* WORK ORDER
What you return should be only the lines in the entries below between the one holding "Swimming Pool ()15ft X 48in" and the one holding "imóvel com 72m² - Capão Raso - Curitiba", ends included, with every picture left out.

* RECORD EXCERPTS
=====
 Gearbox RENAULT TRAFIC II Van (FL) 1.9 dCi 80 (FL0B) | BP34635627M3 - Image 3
=====
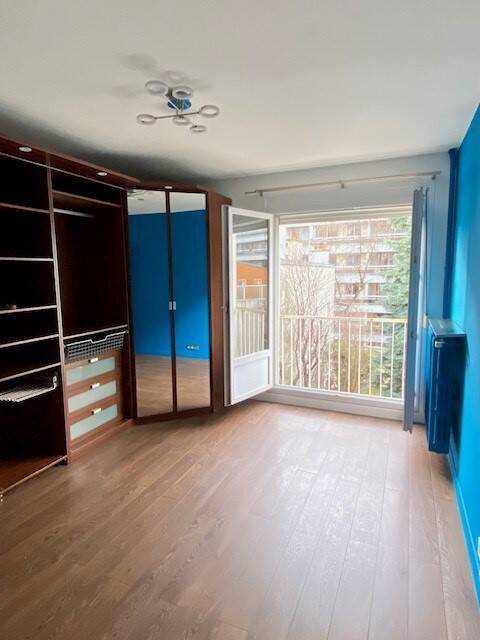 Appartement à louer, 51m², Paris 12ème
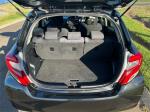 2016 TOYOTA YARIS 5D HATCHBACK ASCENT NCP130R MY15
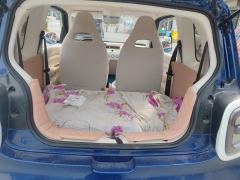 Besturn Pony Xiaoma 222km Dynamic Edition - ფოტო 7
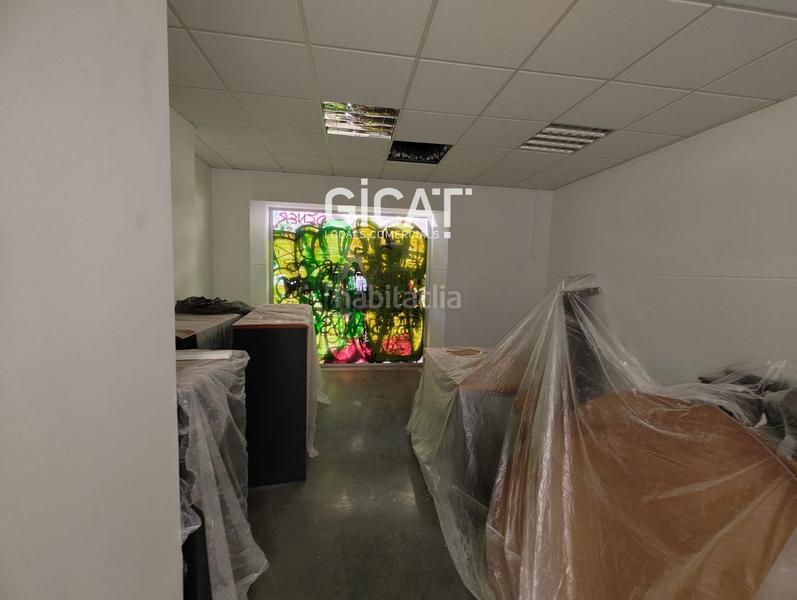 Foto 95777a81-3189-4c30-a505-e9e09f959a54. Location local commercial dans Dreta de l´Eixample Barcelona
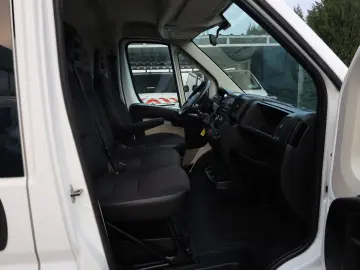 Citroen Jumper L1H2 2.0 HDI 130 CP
=====
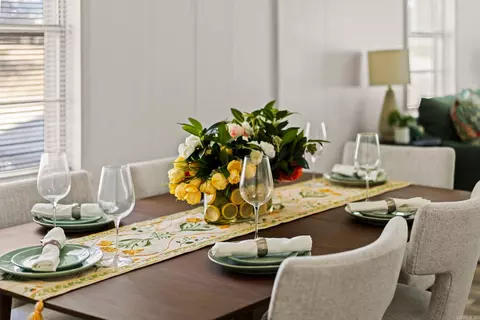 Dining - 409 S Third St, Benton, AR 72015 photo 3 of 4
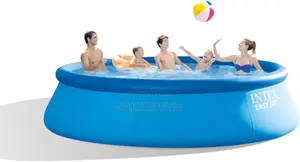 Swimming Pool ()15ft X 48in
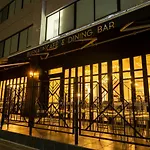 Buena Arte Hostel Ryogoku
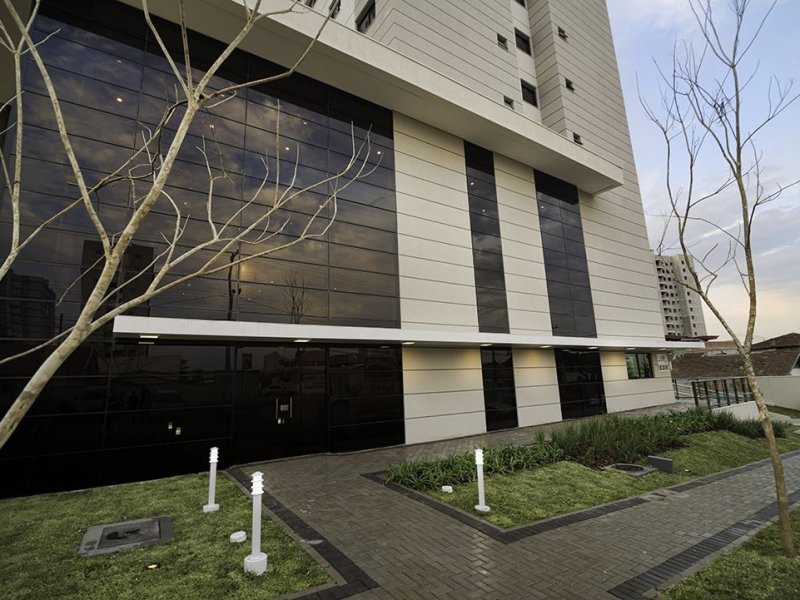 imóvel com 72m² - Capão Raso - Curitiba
=====
* RESPONSE BOX
 Swimming Pool ()15ft X 48in
 Buena Arte Hostel Ryogoku
 imóvel com 72m² - Capão Raso - Curitiba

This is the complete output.